We skip the second line of data using the parameter skiprows=[1] (as python uses zero-indexing) as this line contains the units of the parameters. The sea level is in millimetres, but we'll deal with that in a moment.
uhslc_url = 'https://uhslc.soest.hawaii.edu/erddap/tabledap/global_daily_fast.csv?' \
'sea_level%2Ctime&time%3E=2013-01-01T00%3A00%3A00Z&time%3C=2022-01-01T00%3A00%3A00Z&uhslc_id=822'
tide_gauge_data_mm = pd.read_csv(uhslc_url, parse_dates=True, skiprows=[1], index_col='time')
tide_gauge_data_mm.head()
sea_level | |
---|---|
time | |
2013-01-01 12:00:00+00:00 | NaN |
2013-01-02 12:00:00+00:00 | NaN |
2013-01-03 12:00:00+00:00 | 4042.0 |
2013-01-04 12:00:00+00:00 | 4006.0 |
2013-01-05 12:00:00+00:00 | 3988.0 |
We need to convert that from millimetres to metres, and then apply a similar correction as in the general example notebook to put it in the same reference frame as the GNSS-IR data, then we can plot them both.

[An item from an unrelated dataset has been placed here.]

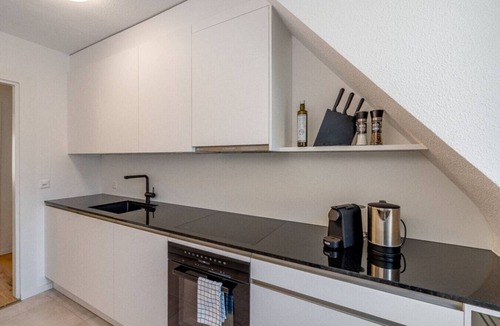 District 6 Apartment | Premium 3-BR with city views · Unterstrass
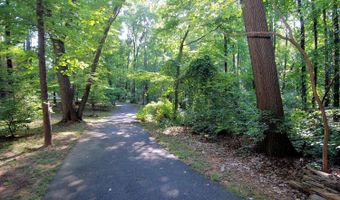 2408 GARNETT Dr, Alexandria, VA 22311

In the case of Brest, I can use the information on the PSMSL datum page from Brest and the knowledge that the UHSLC record uses the HZ 1996 datum there to transform the data to approximately the same reference frame as the GNSS-IR data.
tide_gauge_data = tide_gauge_data_mm / 1000 + 2.959 + 44.094
tide_gauge_data.plot(legend=True, label='Tide Gauge', style='C1-')
gnss_daily_mean.plot(legend=True, label='GNSS-IR', style='C0-')
<AxesSubplot:xlabel='time'>
There's still a slight offset, perhaps due to issues around the antenna phase centre of GPS L2 itself, and also the time we've referred the sea level and GNSS-IR data to the GRS80 ellipsoid is slightly different, but you can see the records match well.